Testing Incrementality and Correctness

So far, we have not fully tested whether our build system is incremental and correct. We have reasoned that it is incremental and correct, implemented an example that seems to be incremental and correct, and have unit tests covering most individual components of the build system. However, we have not yet performed integration testing, where all components of the build system are integrated and tested together. Furthermore, we haven’t really defined incremental and correct. In this chapter, we will define those more concretely, do integration testing to test whether our build system really is incremental and correct, and (spoilers!) fix uncovered incrementality and correctness issues.

Incremental and Correct

In essence, a build system is incremental (also called minimal) if it performs the least amount of work possible to bring the system in a consistent state again after a change. More concretely, an incremental build system executes at most all inconsistent tasks. If it executes more tasks than necessary, it is not fully incremental. A trivial way to be incremental is to never execute anything, but that is of course not correct.

On the other hand, a build system is correct (also called sound) if it performs all work required to bring the system in a consistent state again after a change. More concretely, a correct build system executes at least all inconsistent tasks. If it executes fewer tasks than necessary, it is not correct. A trivial way to be correct is to execute everything, but that in turn is not incremental.

Combining these definitions: a correct incremental build system executes exactly all inconsistent tasks.

Whether a task is inconsistent or not, is characterized by its dependencies. A task is inconsistent when any of its dependencies are inconsistent, and consequently only consistent when all its dependencies are consistent. A file dependency is inconsistent if its file stamp changes. A task dependency is inconsistent if, after recursively checking the task, its output stamp changes. An inconsistent task is made consistent by executing it, because executing it makes all its dependencies consistent!

New tasks are tasks that have not yet been executed (no cached output), and are deemed inconsistent, and thus must be executed. Once executed, they have had a chance to create dependencies, and are no longer new: their consistency then depends on the consistency of their dependencies.

Tasks Without Dependencies

Tasks without dependencies (that are not new) are forever deemed consistent, and never have to be re-executed. This is rare in practice, but can be useful for one-time expensive calculations.

By defining incremental and correct in terms of dependencies (through consistency), a task author forgetting to create a dependency or not choosing the correct stamper, does not change whether our build system is incremental and correct. PIE works under the assumption that task authors correctly list all dependencies that mark their task as affected by a change when it actually is.

Preventing Task Authoring Mistakes

It is of course possible to make mistakes when authoring tasks, for example by creating a dependency to the wrong file, or by forgetting to create a file dependency.
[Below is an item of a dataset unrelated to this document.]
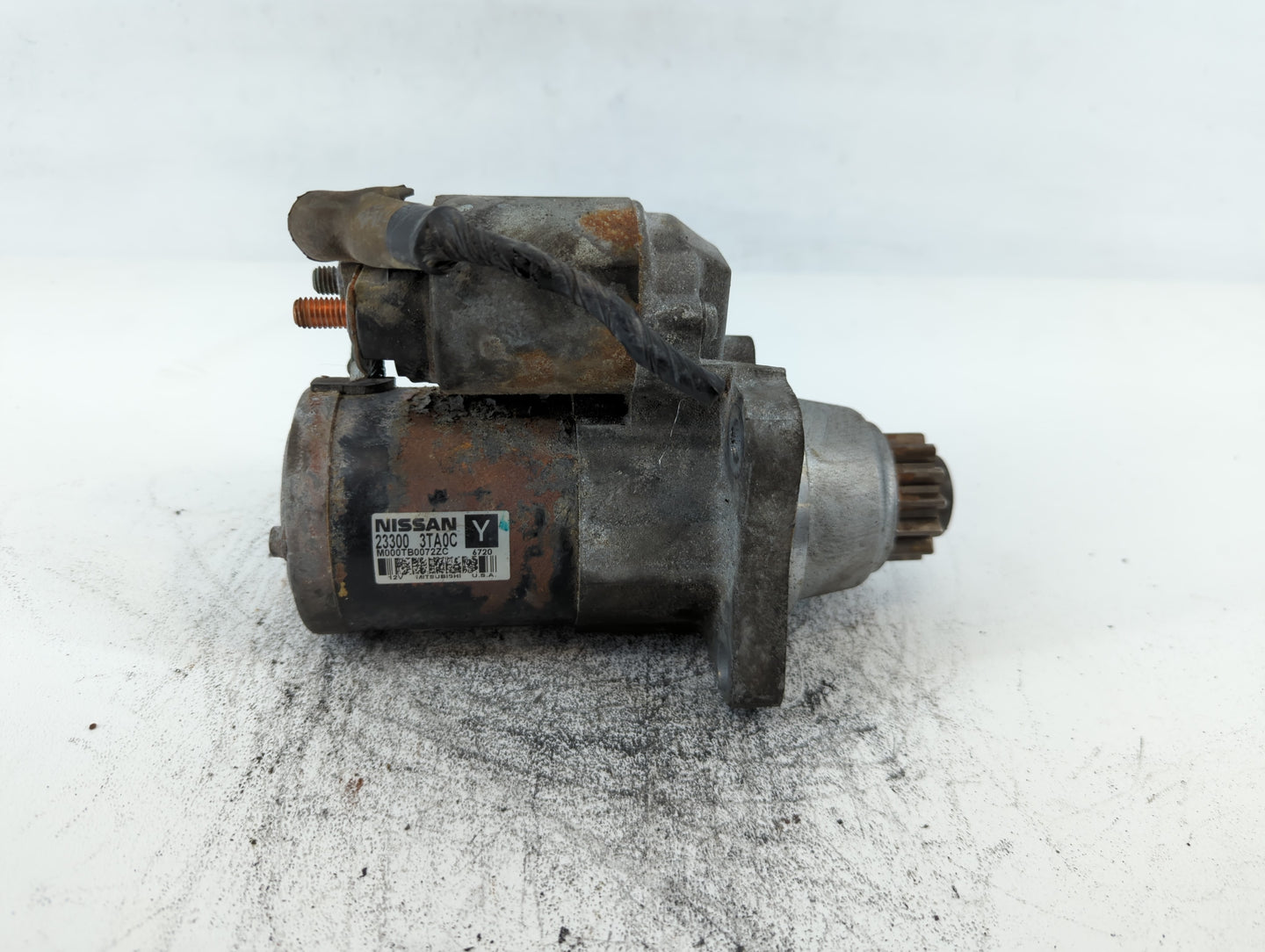 2013-2018 Nissan Altima Car Starter Motor Solenoid OEM P/N:23300 3TA0C Fits Fits 2013 2014 2015 2016 2017 2018 OEM Used Auto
Unfortunately, there is no easy way to solve this.

We will be writing a build event tracking system later, for which we will make an implementation that writes the entire build log to standard output. This build log can help debug mistakes by precisely showing what the build system is doing.

A technique to catch file dependency mistakes is by sandboxing the filesystem to only have access to files that have been required. For example, Bazel can perform sandboxing, but it is not fully cross-platform, and still allows reading files from absolute paths. If a cross-platform and bulletproof sandboxing library exists, it could help catch file dependency mistakes in programmatic incremental build systems.

Finally, the ultimate technique to catch file dependency mistakes is by automatically creating these dependencies using filesystem tracing, instead of having the task author make them. For example, the Rattle build system uses fsatrace to automatically create file dependencies, freeing task authors from having to think about file dependencies However, filesystem tracing is also not fully cross-platform and bulletproof, so it cannot always be used. Again, if a cross-platform and bulletproof filesystem tracing library exists, it would be extremely useful for programmatic incremental build systems.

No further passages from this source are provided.